LITTLE ROCK, Ark. - The U.S. Army Corps of Engineers is concerned about what appears so far to be a deadly  recreation season at many Corps parks nationwide, and there has been an upswing in the number of drownings in the Little Rock District as well.  The Corps is concentrating on water safety outreach to help curb this alarming trend.  

By the end of May, 57 people had died on Corps-owned property across the country this year, compared to 39 during the same five-month period last year - a more than 32 percent increase.  Most of these fatalities were from drowning.  Corps officials report more than 90 percent of drowning victims were not wearing a life jacket when they died.

At Little Rock District parks, which are located across much of Arkansas and southern Missouri, nine people have drowned so far this fiscal year.  This compares to two people for the same period in 2010.  None of these victims appears to have been wearing a life jacket.   

"Public safety is our number one priority," Maj. Gen. Merdith W.B. Temple, acting commanding general of the U.S. Army Corps of Engineers, said.  "The increase in deaths at USACE parks this year is of great concern to us. We want to do everything we can to make people aware of potential risks when they visit one of our recreation areas, and how to make good decisions that will improve safety for themselves, families and friends."

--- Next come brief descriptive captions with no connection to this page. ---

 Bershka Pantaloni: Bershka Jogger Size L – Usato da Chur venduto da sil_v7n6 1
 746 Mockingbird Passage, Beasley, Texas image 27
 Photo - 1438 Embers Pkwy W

Tracy Fancher, acting chief of operations in Little Rock District and operations manager over Bull Shoals and Norfork lakes, echoed the general's concerns.

"The single most important thing visitors to the region's lakes and rivers can do to protect themselves and their loved ones from drowning is to ensure everyone in your group wears a life jacket when on or in the water," Fancher said.  "Few people drown while wearing a life jacket.  Somehow we have got to get people to change their behavior and start wearing life jackets."

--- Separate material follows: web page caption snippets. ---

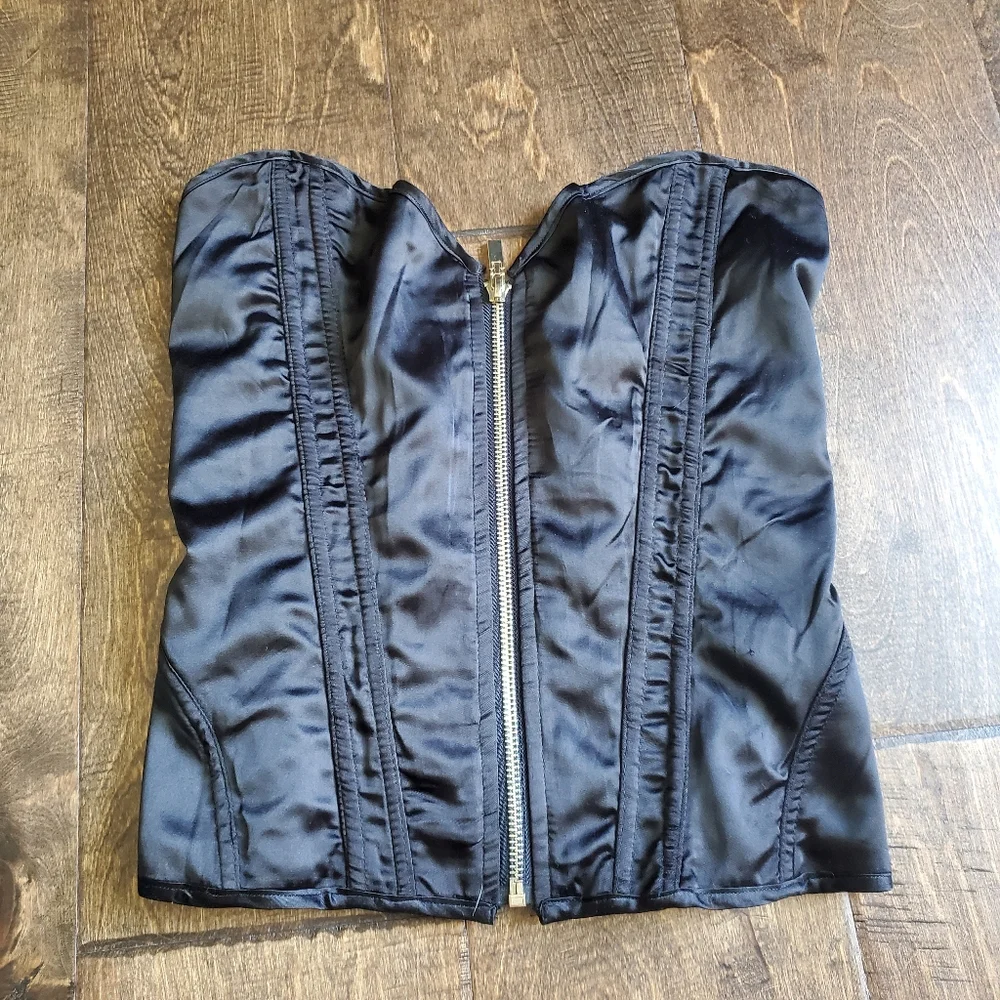 Missguided black corset - Picture 1 of 6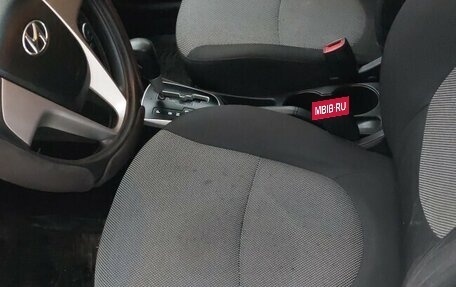 Hyundai Solaris II рестайлинг, 2013 год, 865 000 рублей, 2 фотография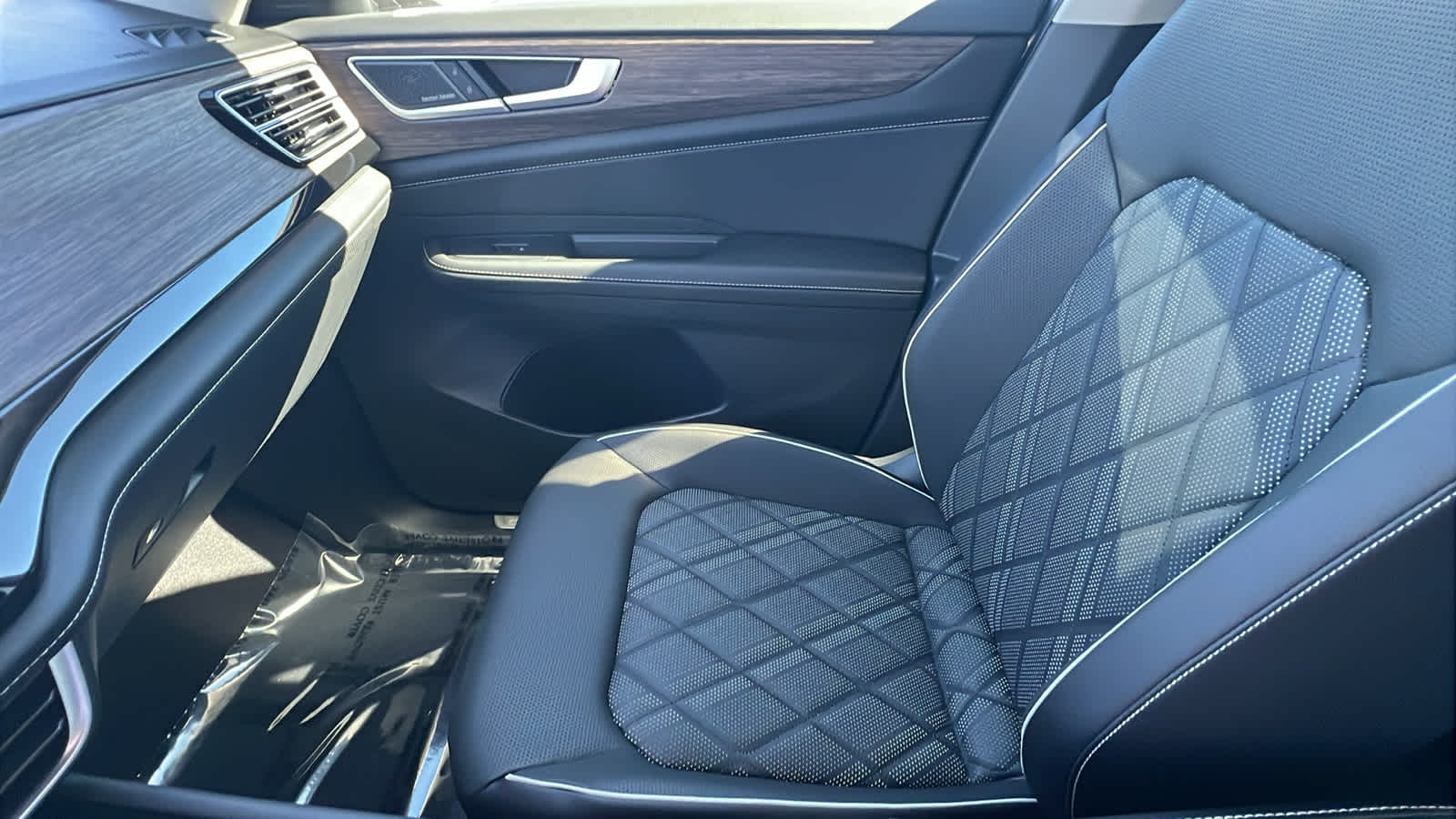 Thumbnail: 2026 Volkswagen Atlas - 12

The next most important thing is to avoid drinking alcohol, he said.

"Alcohol consumption is typically involved in a disproportionate share of drownings."

Other tips Corps officials encourage are for visitors to check local water and weather conditions before setting out and to heed recreation warnings, such as small craft advisories, beach closures and the like.

Corps officials say they will continue efforts to promote boating and water safety, and with the public's support they will work to save lives.